SOURCE MATERIAL.
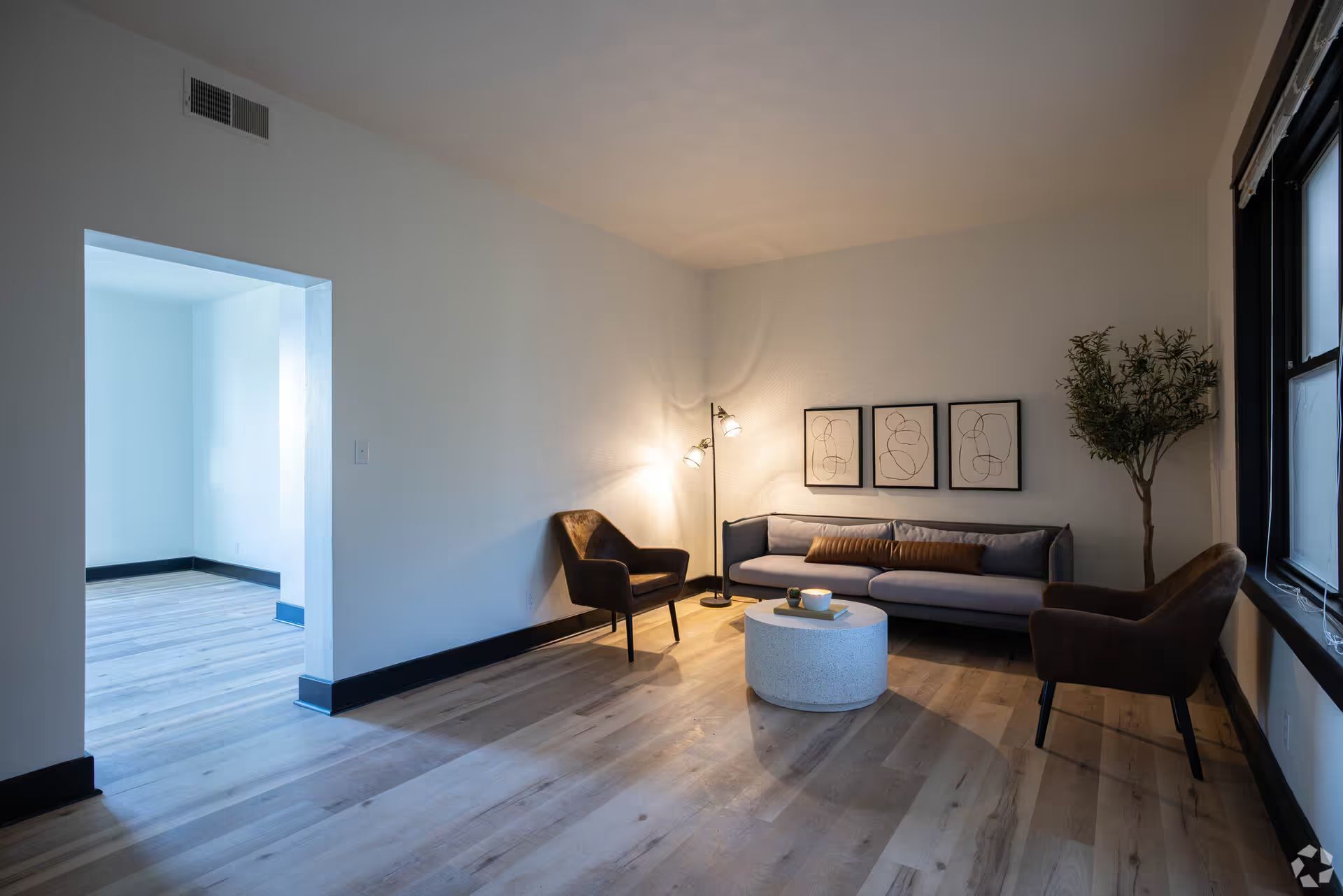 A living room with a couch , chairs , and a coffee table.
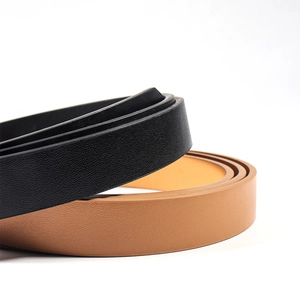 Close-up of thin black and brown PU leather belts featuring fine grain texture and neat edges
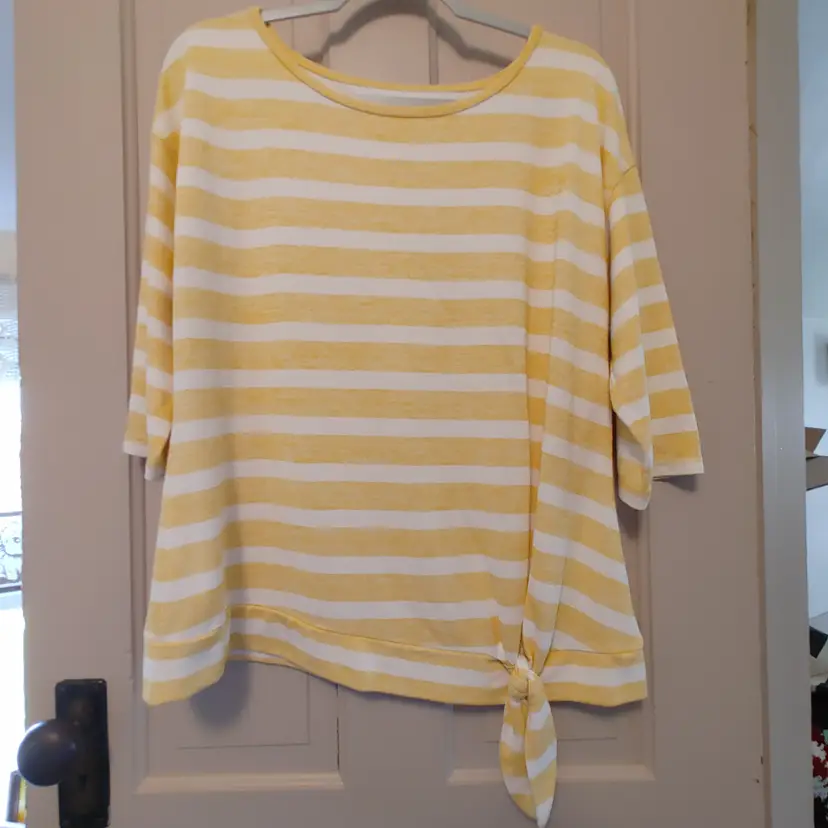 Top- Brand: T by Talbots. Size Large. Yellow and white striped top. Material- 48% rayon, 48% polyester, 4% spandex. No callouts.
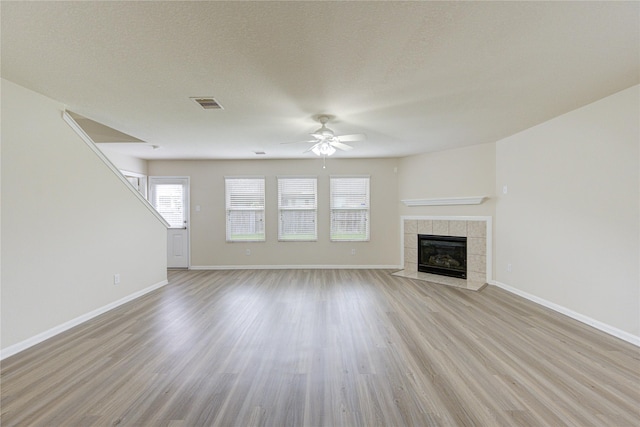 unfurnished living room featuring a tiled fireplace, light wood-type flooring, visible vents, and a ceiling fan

EXERCISE DIRECTIONS. An exact repeat of all the data is required, pictures excluded.

WRITTEN RESPONSE.
 A living room with a couch , chairs , and a coffee table.
 Close-up of thin black and brown PU leather belts featuring fine grain texture and neat edges
 Top- Brand: T by Talbots. Size Large. Yellow and white striped top. Material- 48% rayon, 48% polyester, 4% spandex. No callouts.
 unfurnished living room featuring a tiled fireplace, light wood-type flooring, visible vents, and a ceiling fan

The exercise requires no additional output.